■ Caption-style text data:

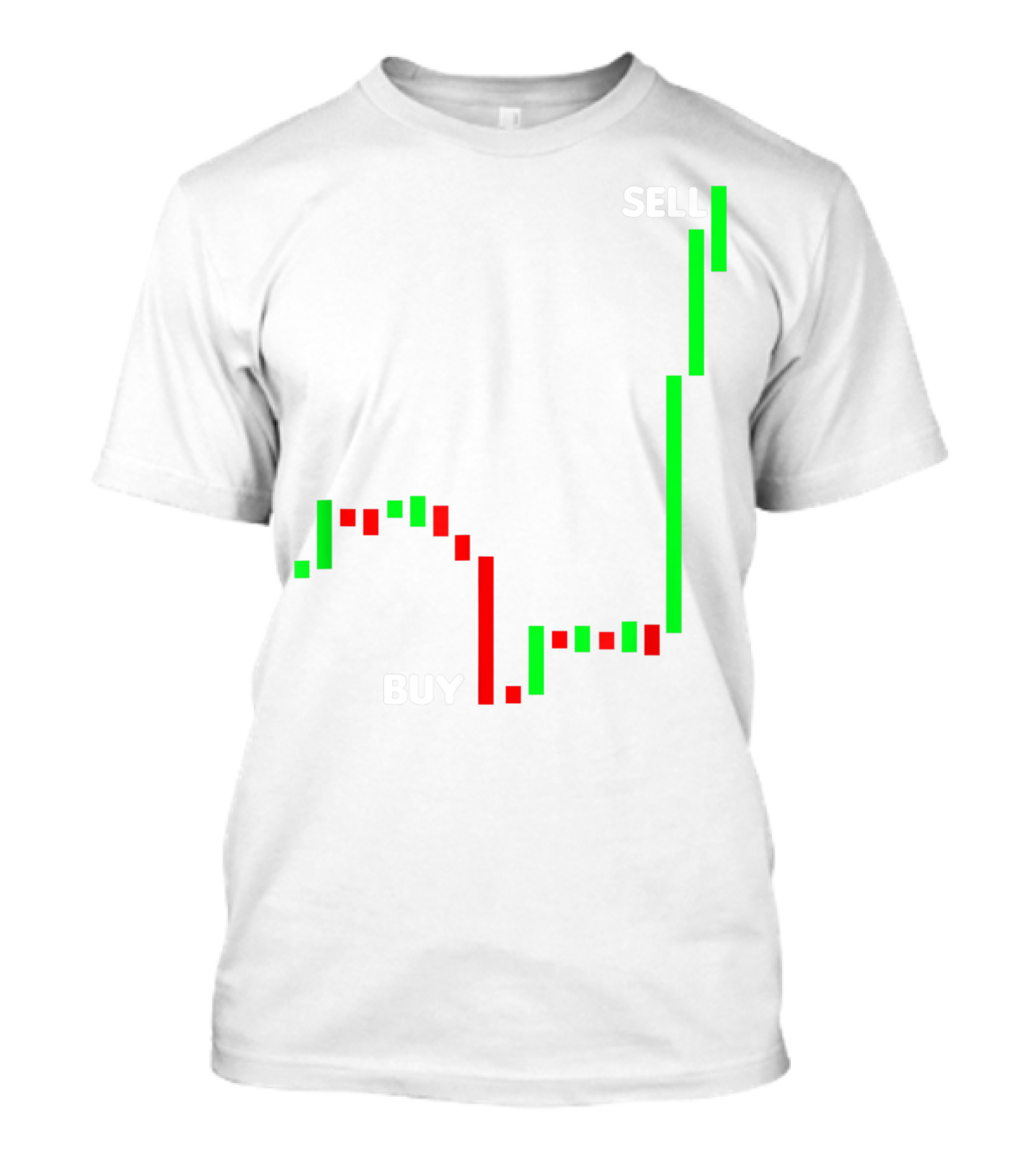Buy Sell Stock Trading Pips Candlestick Chart T-Shirt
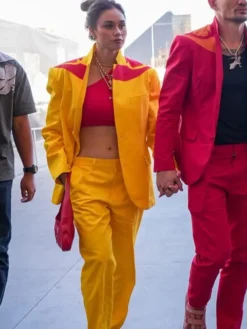 Alessa Holloway UFC 329 Yellow Suit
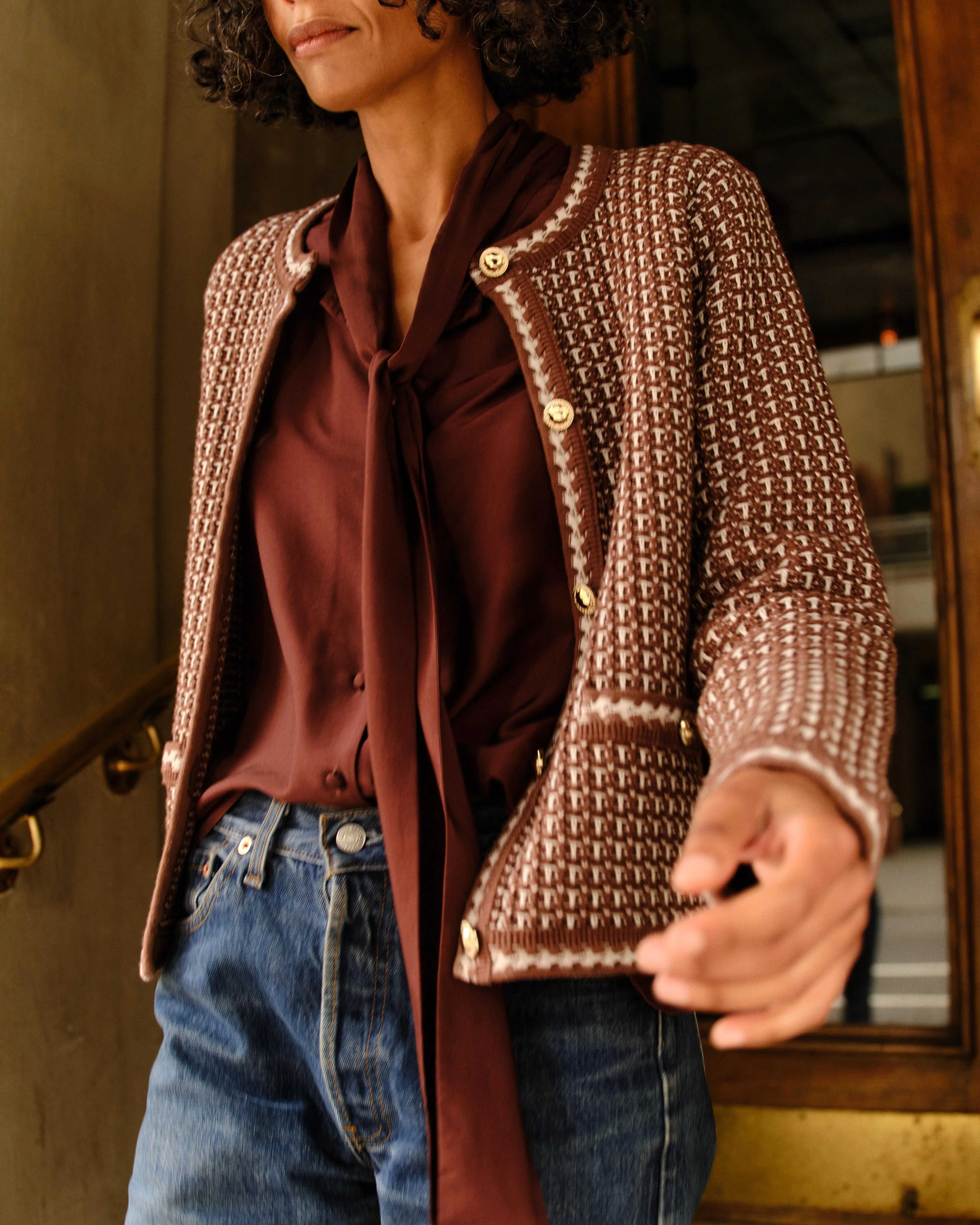 Peggy Long Sleeve Top-Espresso sold by Cartolina product image thumbnail 2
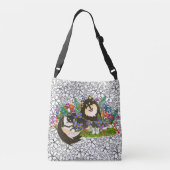 BINDI LAPPY Fins kruislichaam/canvas tas (Achterkant)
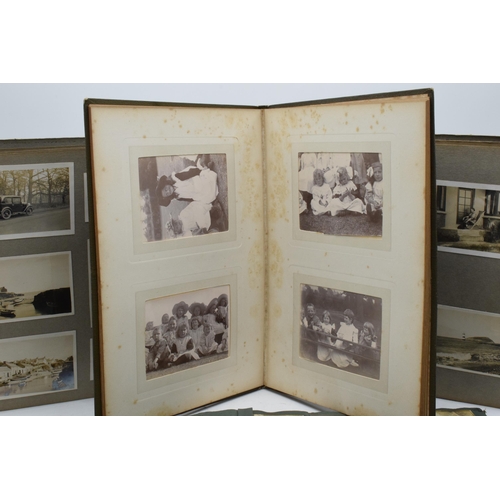 255 - A collection of old photograph albums to include odd photos of local interest such as Croxden Abbey,... 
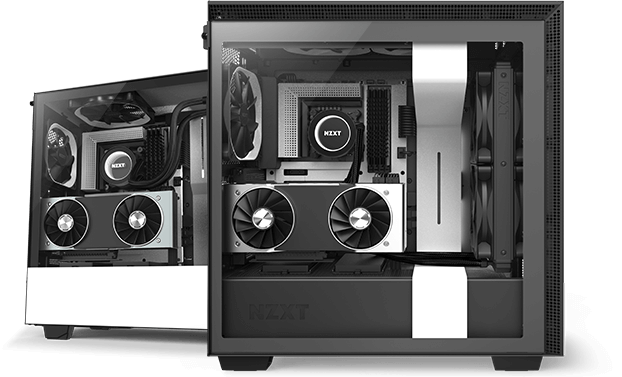 Thùng máy tính đơn giản mà chất của NZXT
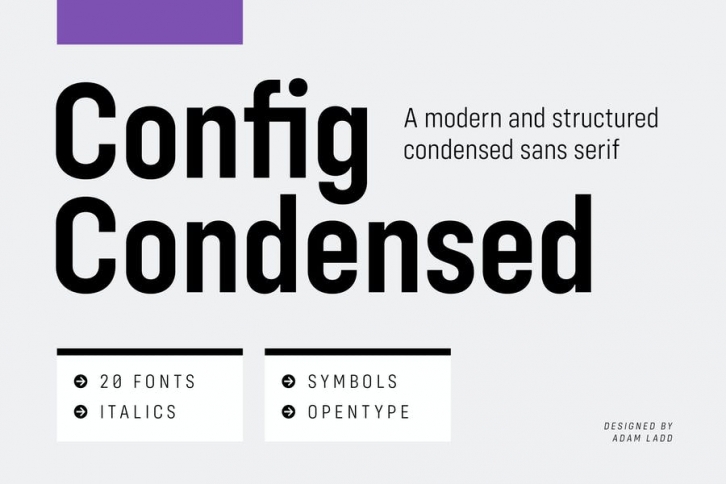 Config Condensed Font Family Font Download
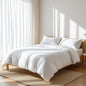 600TC White Luxury Cotton Satin Duvet Cover | Single, Queen & King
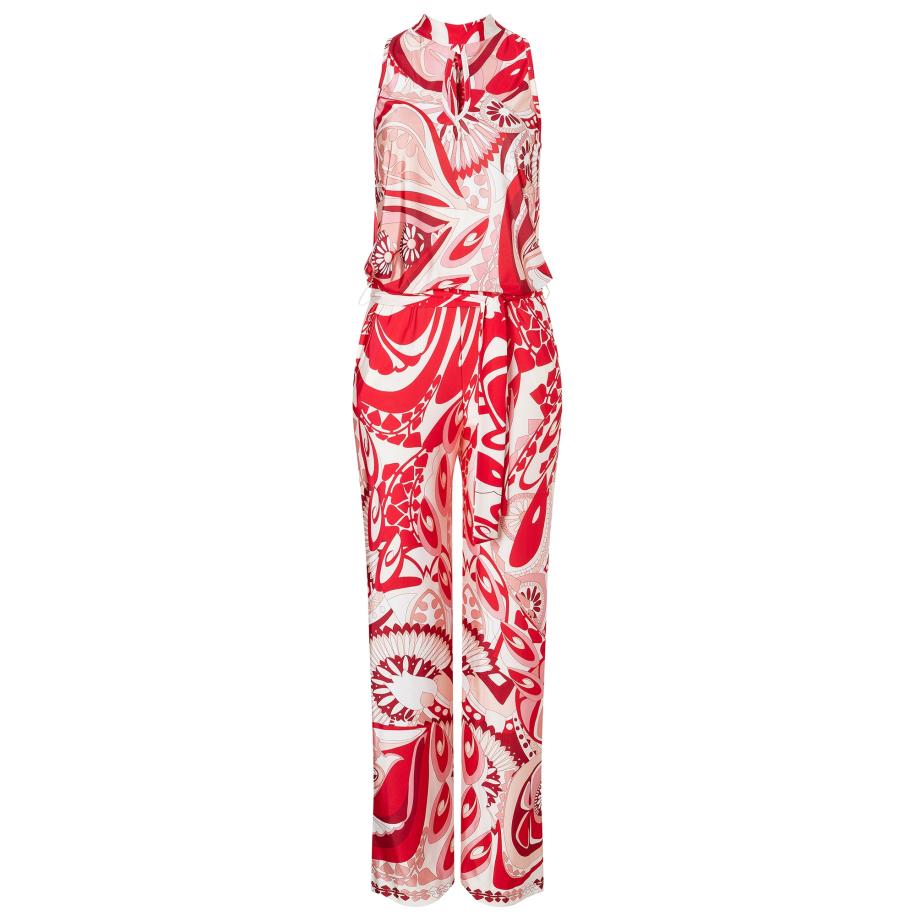 Ana Alcazar Ana Alcazar Jumpsuit Ziny rosa / rood / wit -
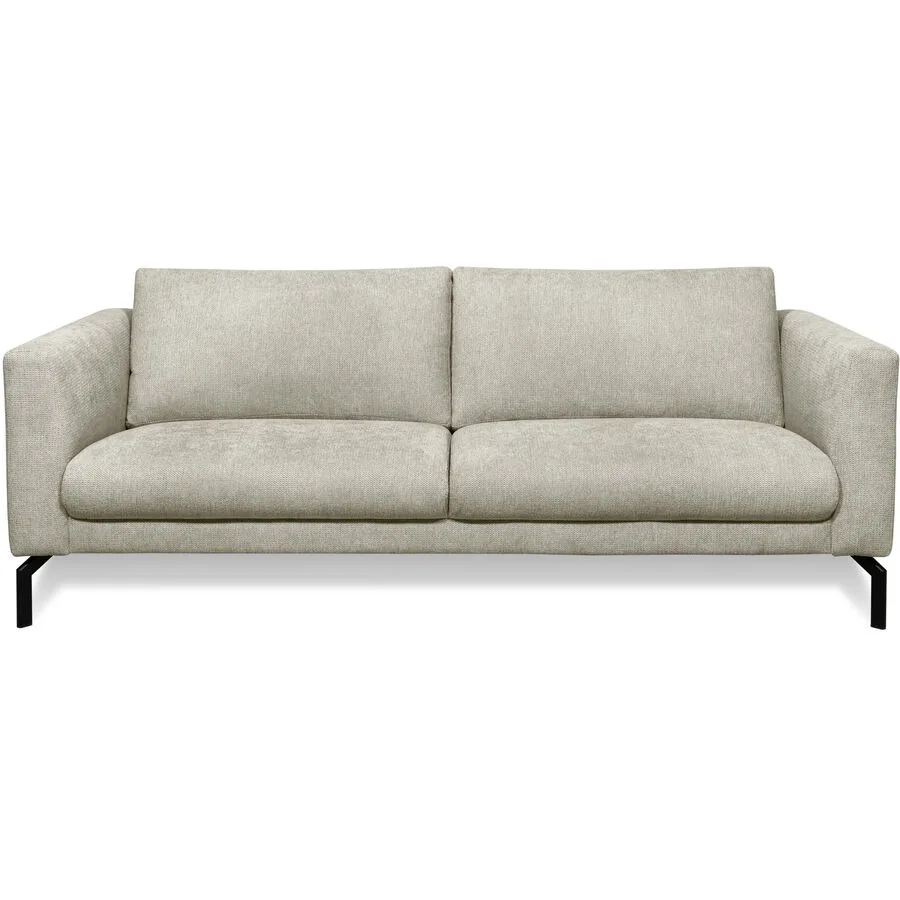 Sofa Gomero Ohne Stoff hellgrau B 216 T 93 cm
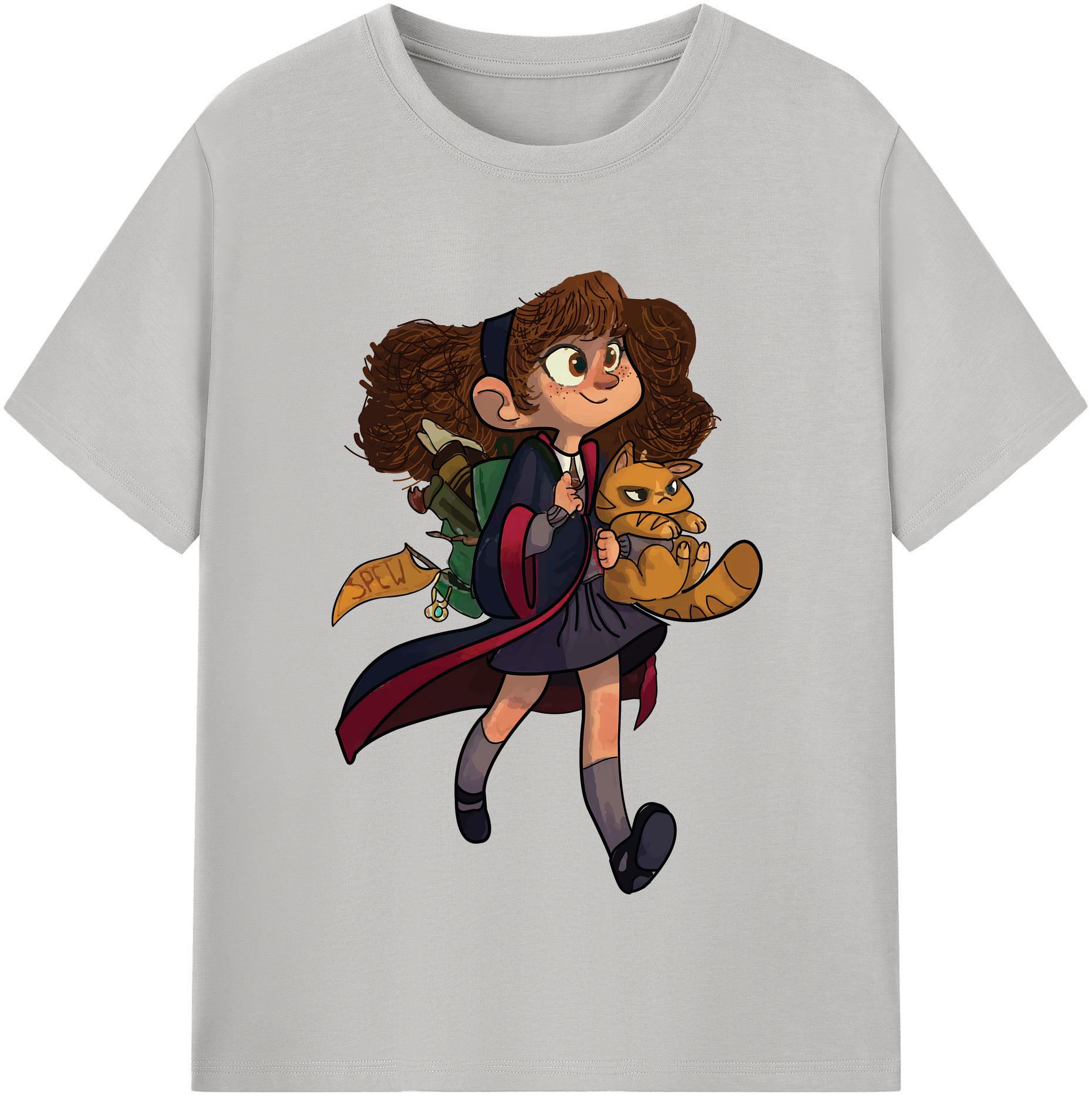 （画像用） Harry Potter ハリー・ポッターシリーズ レディースカジュアルプリントTシャツ（綿100％）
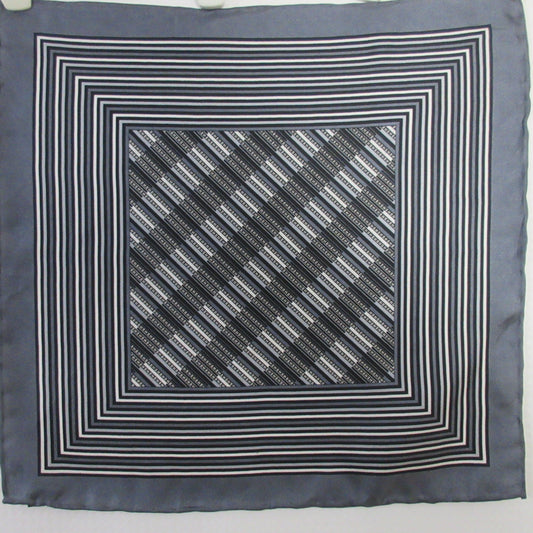 Geometric Design Mens Silk Scarf - Pocket Square - 5504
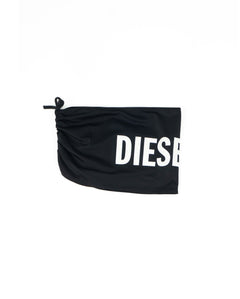 Diesel Kids Gonna Copricostume Nero con Logo per Bambine
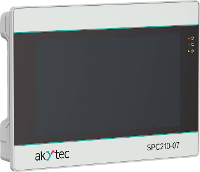 AkYtec SPC210 07 150621 PLC touchpanel 24 V/DC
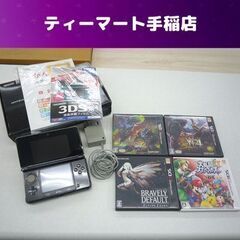 ニンテンドー3DS 本体 ソフト4本セット コスモブラック モン...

■ What is being asked:
Nothing may be altered when you restate the records, but every picture must be dropped.

■ Task solution:
Buy Sell Stock Trading Pips Candlestick Chart T-Shirt
 Alessa Holloway UFC 329 Yellow Suit
 Peggy Long Sleeve Top-Espresso sold by Cartolina product image thumbnail 2
 BINDI LAPPY Fins kruislichaam/canvas tas (Achterkant)
 255 - A collection of old photograph albums to include odd photos of local interest such as Croxden Abbey,... 
 Thùng máy tính đơn giản mà chất của NZXT
 Config Condensed Font Family Font Download
 600TC White Luxury Cotton Satin Duvet Cover | Single, Queen & King
 Ana Alcazar Ana Alcazar Jumpsuit Ziny rosa / rood / wit -
 Sofa Gomero Ohne Stoff hellgrau B 216 T 93 cm
 （画像用） Harry Potter ハリー・ポッターシリーズ レディースカジュアルプリントTシャツ（綿100％）
 Geometric Design Mens Silk Scarf - Pocket Square - 5504
 Diesel Kids Gonna Copricostume Nero con Logo per Bambine
 AkYtec SPC210 07 150621 PLC touchpanel 24 V/DC
 ニンテンドー3DS 本体 ソフト4本セット コスモブラック モン...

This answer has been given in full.